Address correspondence and reprint requests to Eduardo Tolosa, MD, Parkinson's Disease and Movement Disorders Unit, Institut Clínic de Neurosciències, and Centro de Investigación Biomédica en Red sobre Enfermedades Neurodegenerativas (CIBERNED), Hospital Clínic de Barcelona, Villarroel 170, Barcelona 08036, Spain etolosa{at}clinic.ub.es
Clinical, neuroimaging, and pathologic studies have provided data suggesting that a variety of nonmotor symptoms can precede the classic motor features of Parkinson disease (PD) by years and, perhaps, even decades.
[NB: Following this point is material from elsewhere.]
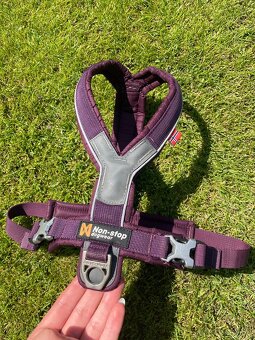 Non-stop dogwear model Line Harness 5.0 (staršia verzia) - 2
The period when these symptoms arise can be referred to as the "premotor phase" of the disease. Here, we review the evidence supporting the occurrence of olfactory dysfunction, dysautonomia, and mood and sleep disorders, in this premotor phase of PD. These symptoms are well known in established PD and when presenting early, in the premotor phase, should be potentially considered as an integral part of the disease process. Even though information on the premotor phase of PD is rapidly accumulating, the diagnosis of premotor PD remains elusive at this time. Should a safe and effective treatment with disease-modifying or neuroprotective potential in PD become available, identifying individuals in the premotor phase will become a serious priority.
Disclosure: E. Tolosa has received honoraria from Teva and Lundbeck, as well as other companies in the Parkinson disease field. The other authors state that they have no financial or nonfinancial conflicts.